Analyse UFAPEC novembre 2018 par B. Loriers

21.18/ Le parent envahisseur à l'école, reflet de notre société individualiste ?

Introduction

La confiance des familles envers l’école était auparavant importante, et les parents intervenaient peu dans le contexte scolaire. Ce temps est révolu et les parents ont obtenu une véritable place en tant que partenaires constructifs au sein des établissements scolaires.
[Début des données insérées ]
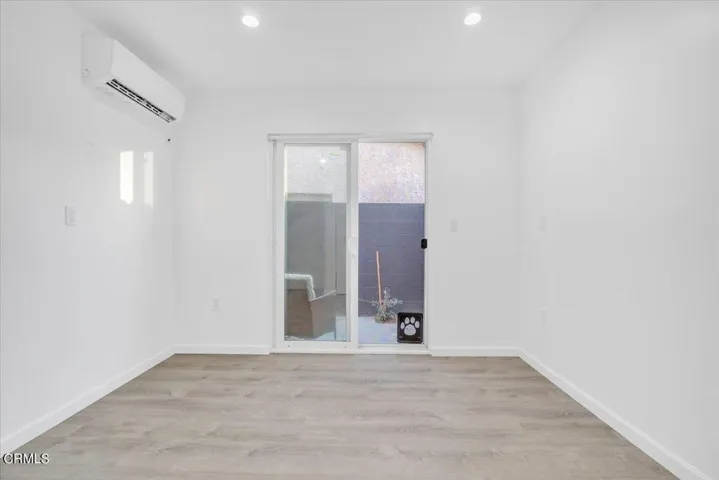11-1420 W 69th St-15
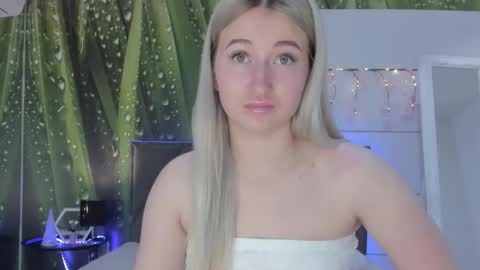 Snapshot of hollytaillor chatting on May 3, 2026, 5:35 am HollyTaillor online show from May 3, 2026, 5:35 am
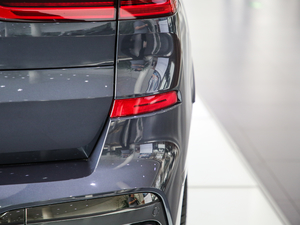 2019xDrive40i  M\b ^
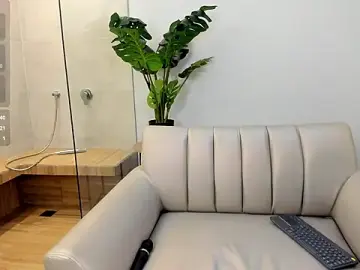 MiaLiore_  live sex cam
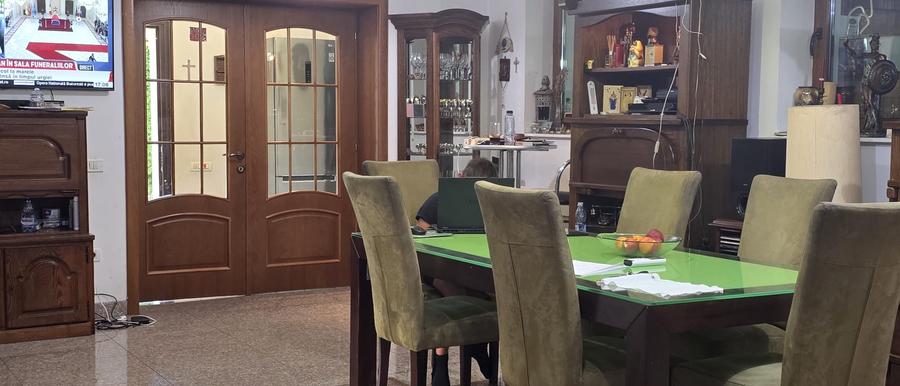 Vila de vanzare cu teren generos zona Ciolpani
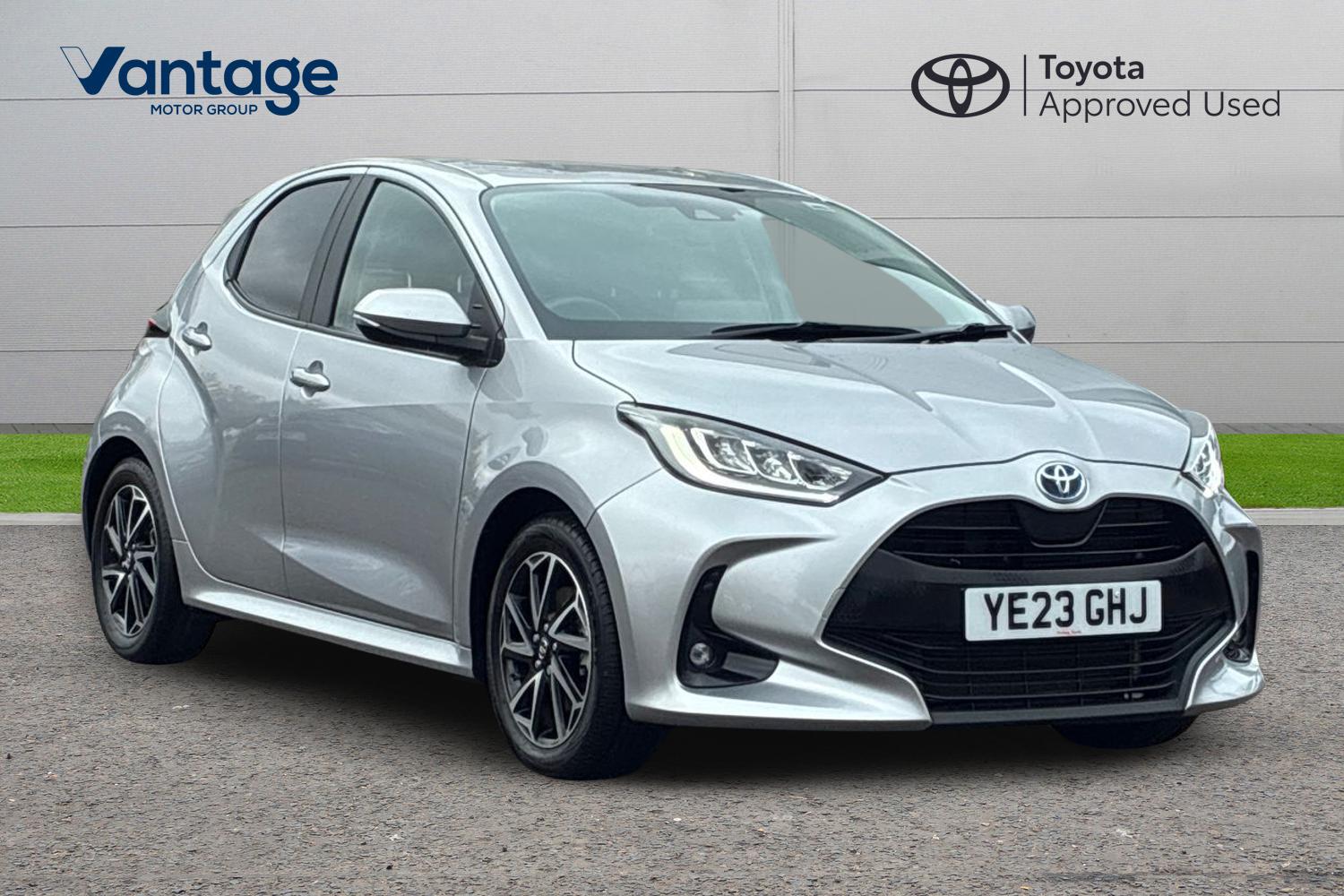 Main listing image - Toyota Yaris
L’UFAPEC, organisation représentative des parents et des associations de parents de l’enseignement libre en Fédération Wallonie-Bruxelles, salue les récents décrets et les nombreux projets d’écoles, qui offrent aux parents la possibilité d’être actifs dans l’école, que cela soit au sein du conseil de participation, de l’association de parents, d’un groupe de travail spécifique dans l’école, etc.

Cependant, de plus en plus de parents vont au-delà des relations de partenariat.  Se pose dès lors la question de savoir si la place que prennent les parents au sein de l’école est- toujours adéquate, respectueuse des enseignants ? Qu’est-ce qu’un parent envahisseur ? Quelle est la marge de manœuvre de l’intervention des parents dans l’école ? Jusqu’où peuvent-ils aller dans leur engagement pour aider leur enfant ? En quoi l’ingérence du parent-roi est-il un frein pour le travail de l’enseignant ?

On entend souvent parler du phénomène de l’enfant-roi… Peut-on y voir un lien avec le phénomène du parent envahisseur ? Comment enrayer ce problème du client-consommateur qui peut faire des dégâts à l’école comme ailleurs ? Le phénomène du parent envahisseur dans le cadre scolaire serait-il lié à un phénomène qui touche notre société dans son ensemble, à savoir la compétition et le « chacun pour soi » ? Notre système scolaire, micro-société, serait-il le reflet de notre monde de consommation où le client est roi ?

Définition du parent envahisseur

Le terme « envahisseur » peut être défini comme l’ennemi qui envahit[1]. Le terme ennemi, appliqué au cadre scolaire, suppose qu’il n’y a pas de relation constructive entre ce parent (envahisseur) et les membres du personnel éducatif. Le verbe « envahir » signifie occuper brusquement, et de vive force[2].

Le parent envahisseur est un parent-roi dans le sens où il sème ses exigences et dicte la conduite du prof, bafouant au passage le cadre scolaire et la gestion de classe[3]. Pour la journaliste Isabelle Maher, il sait tout et il ne doute pas, il ne montre ni confiance ni ouverture, il exige, impose, accuse, il multiplie les appels et les courriels, il s’adresse directement à la direction, il n’a plus confiance dans le système d’éducation[4].

Nous avons interrogé un ancien directeur d’école, pour qui le terme de parent-roi semble bien trop fort, il préfère le terme de parent envahisseur. Le parent-roi serait un parent qui ne respecte pas le projet de l’école, le cadre et les limites. Le parent envahisseur peut très bien respecter les horaires de l’école et les contraintes de dates…. Mais ce parent est trop souvent présent dans l’enceinte de l’école, comme s’il était chez lui, pour soit contester un avis émis sur son enfant, un choix posé par l’école ou soit tout simplement pour être reconnu et entendu et ce, tous les jours de la semaine. Ces parents n’ont pas de limites et ce sont bien souvent ses pairs qui lui font la remarque de ce débordement récurrent, souvent inconscient. Il faut reconnaitre que le parent envahisseur pense agir de bonne foi dans l’intérêt de son enfant[5].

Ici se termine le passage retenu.